1373 findet sich die erste urkundliche Erwähnung im Zehentverzeichnis: „in sand Stephans Pfarr“ (hier fällt auf, dass Sankt Stefan als Pfarre bezeichnet wird). P. C. Brandtner dazu genauer im Pfarrblatt 1990-3: “… im Seckauer Lehensbuch. Darin ist verzeichnet, wie im Jahre 1373 Fridrich der Wolf zu Graz … zwai Tail des Hierszehent … in sand Stephans Pfarr erhält.”
2022 haben wir vom Diözesanarchiv eine Fotokopie des Deckblatts und der Seite mit der ersten Erwähnung erhalten.

1373 findet sich die erste urkundliche Erwähnung im Zehentverzeichnis: „in sand Stephans Pfarr“ (hier fällt auf, dass Sankt Stefan als Pfarre bezeichnet wird). P. C. Brandtner dazu genauer im Pfarrblatt 1990-3: “… im Seckauer Lehensbuch. Darin ist verzeichnet, wie im Jahre 1373 Fridrich der Wolf zu Graz … zwai Tail des Hierszehent … in sand Stephans Pfarr erhält.”
2022 haben wir vom Diözesanarchiv eine Fotokopie des Deckblatts und der Seite mit der ersten Erwähnung erhalten.
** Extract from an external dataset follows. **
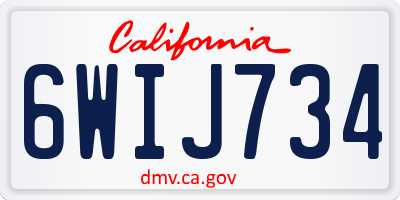 CA license plate 6WIJ734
Von dort weg verdrängt der Name der Kirche St. Stephan den Namen Velgau als Bezeichnung für den Kirchenweiler. Auch 1390 (Im Marchfutterverzeichnis des Landesfürsten) wird “sannd Steffan ob Endricz” angeführt. Das Gebäude Kirche wird 1395 erstmals erwähnt.


 

Pfarrgült und Kirchengült

Von 1449 war bekannt, dass in einer Urkunde Gratkorn das erste Mal erwähnt worden ist. Neuerliche Untersuchung dieser Urkunde hat ergeben, dass diese Urkunde vom Pfarrer Hans Nötter ausgestellt worden ist, da das adelige Ehepaar Lengheimer seine Hube in Brunn als Pfarrhof stiftet. Der Pfarrer wird damit, so wie die Pfarrer anderer Pfarren ein Grundbesitzer (Grundherrschaft Pfarrgült St. Stefan). Es werden auch Zechleute der Kirche erwähnt, die für das vorhandene Vermögen der Kirche (Grundherrschaft Kirchengült St. Stefan) zuständig sind. Neben der Stiftung der Lengheimer wird in Visitationsprotokollen auch eine bislang nicht bekannte Stiftung durch die Grafen von Montfort erwähnt.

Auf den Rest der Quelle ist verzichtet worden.